Having located "The Samsung Galaxy S24", write out its line and the remaining lines of the material exactly, the last one included, but not the pictures.

§ **DATASET CONTENT**:
========================================================================

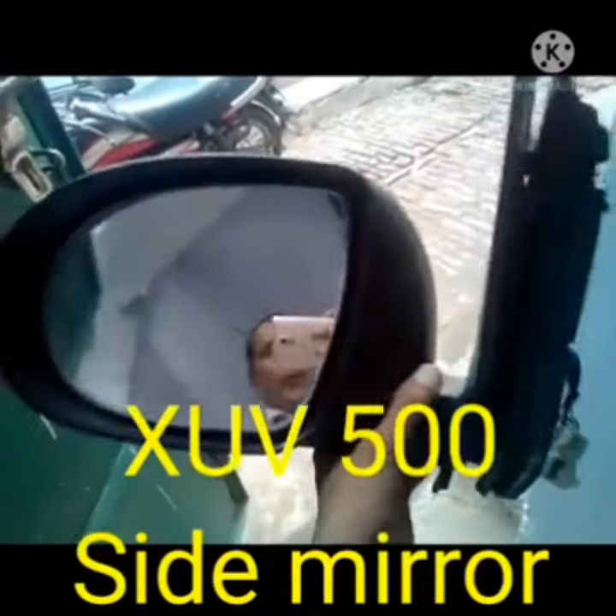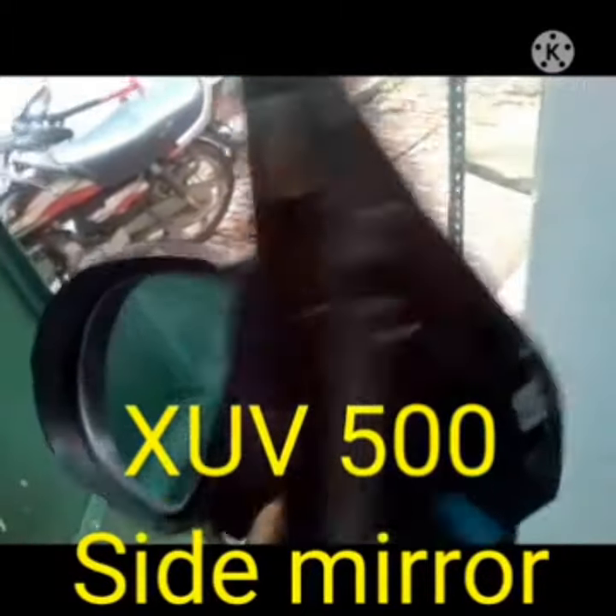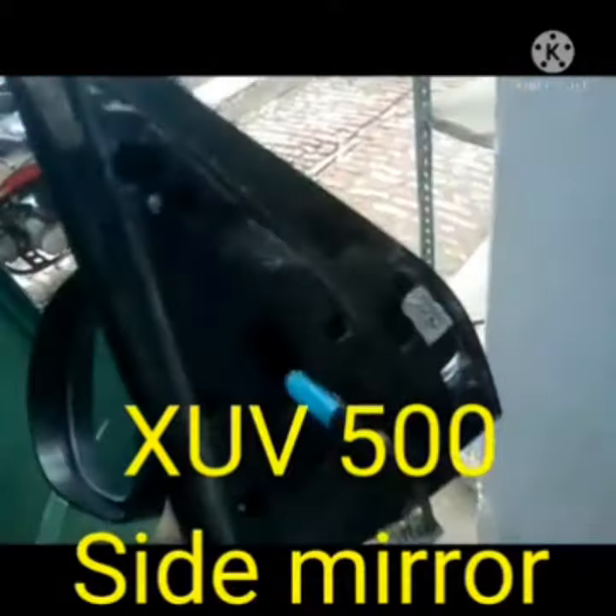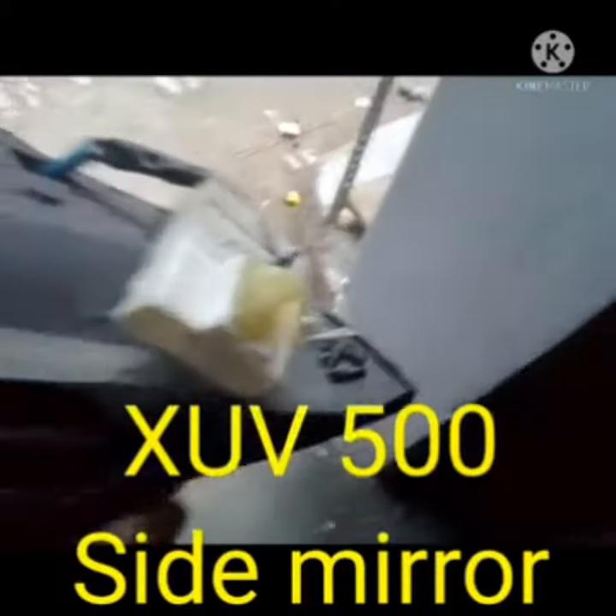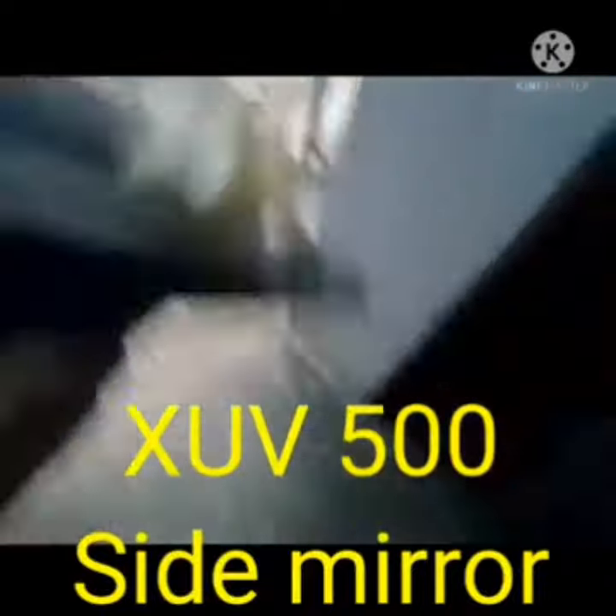This model is XUV500. We have a side mirror, we have a front side, we have a wiring harness, we have a circuit. This circuit is very critical because the wiring harness is very different.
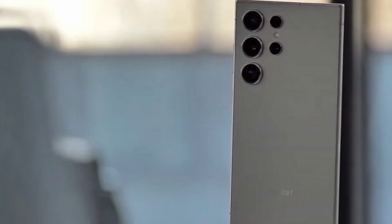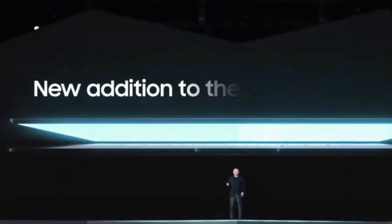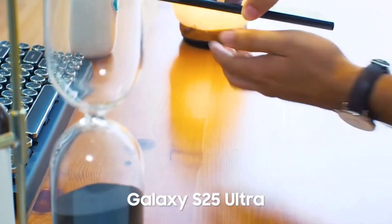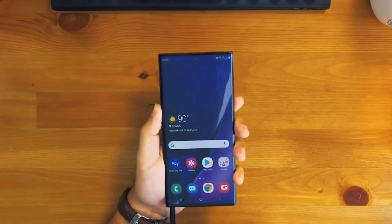The Samsung Galaxy S24 Ultra is only a few months old, but we are already seeing rumors about its successor on the web. The Samsung Galaxy S25 Ultra was earlier said to come with a triple rear camera setup, ditching the fourth 10-megapixel telephoto sensor with 3x optical zoom.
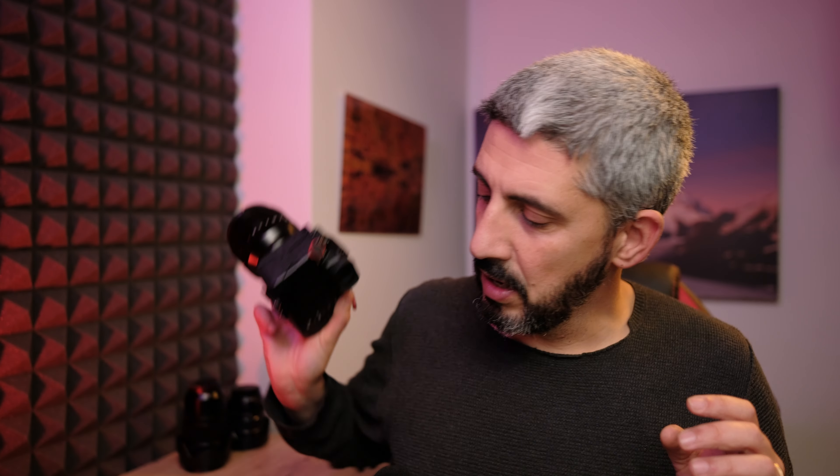Now I own the new 56, as you can see here with my XH2. Thanks to the guys at RC Photo — the biggest used market in Italy when it comes to photography, which is also expanding in Europe — I had the chance to test the 50mm f1.0. If you haven't seen my review, go have a look because I just released it last week. Also check my previous review of the new 56 for more in-depth details on that specific lens.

========================================================================

§ **ANSWER FOR THE TASK**:
The Samsung Galaxy S24 Ultra is only a few months old, but we are already seeing rumors about its successor on the web. The Samsung Galaxy S25 Ultra was earlier said to come with a triple rear camera setup, ditching the fourth 10-megapixel telephoto sensor with 3x optical zoom.
Now I own the new 56, as you can see here with my XH2. Thanks to the guys at RC Photo — the biggest used market in Italy when it comes to photography, which is also expanding in Europe — I had the chance to test the 50mm f1.0. If you haven't seen my review, go have a look because I just released it last week. Also check my previous review of the new 56 for more in-depth details on that specific lens.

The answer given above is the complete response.